Otter trawls specifically targeting Norway lobster (Nephrops norvegicus) are linked to specific “Nephrops fishing grounds”, where the gear is adjusted for these typically muddy areas, for instance by the usage of light ground gear. This “pure” nephrops fishery is mostly located in Kattegat. In addition, a multi-rig gear is often used to increase gear width without using more engine power. Vessels deploying multi-rig gears have multiple trawl nets between the otter boards. In between the different nets, a clump weight is added to ensure bottom contact. Often the Nephrops fishery additionally targets a mix of demersal fish such as cod, plaice, lemon sole and monkfish.

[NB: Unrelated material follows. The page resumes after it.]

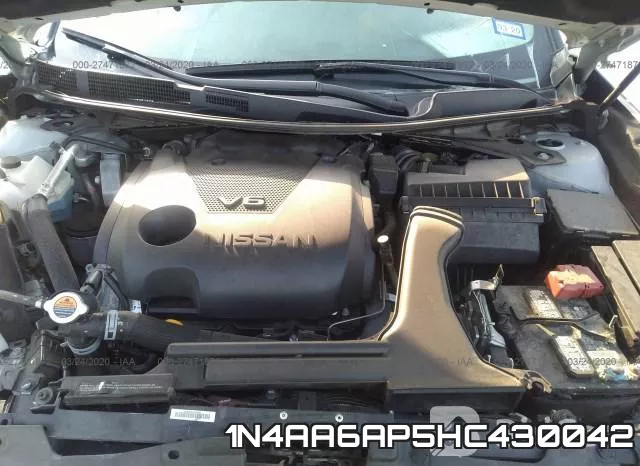 1N4AA6AP5HC430042 фото 2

This is mostly the case in the North Sea and Skagerrak and here the fishery is less confined to muddy grounds and the ground gears more heterogenous.
Otter trawl fishing for deep-water shrimp (Pandalus borealis) takes place almost exclusively in the deep part of the Skagerrak and the easternmost part of the North Sea. Despite a relatively low effort, the intensity of fishing is therefore relatively high in the limited area where fishing takes place. The trawling takes place on soft bottom in deep water with large and heavy otter boards and relatively light ground gear.
Otter trawls targeting demersal fish are widespread and can be used in single-species fisheries targeting plaice or cod, but most frequently fishermen catch a mix of several demersal fish species, depending on location and season. This type of otter trawl is often fished on different sediment types and the ground gear adjusted accordingly with e.g., the use of bobbins or rockhoppers.
The otter trawl fishery targeting Norway pout (NOP) takes place on even, mostly soft bottom and is primarily localized to Fladen ground in the North Sea. The trawl gear is designed so that both otter boards, sweeps, and ground gear have bottom contact.
Otter trawls targeting sandeel (Ammodytes marinus) are linked to specific sandbanks, mainly in the North Sea, where this species can be caught in dense shoals off the bottom during the 2nd quarter of the year. The trawl gear is often designed so that only the ground gear and parts of the sweeps are in contact with the seabed, while the otter boards are towed slightly above the seabed.
Otter trawls targeting small pelagic fish like sprat and herring are widespread and are deployed on different types of generally smooth sediments. The trawls are often designed so that only the ground gear, which is generally relatively light, and parts of the sweeps are in contact with the seabed, while the otter boards are towed slightly above the seabed.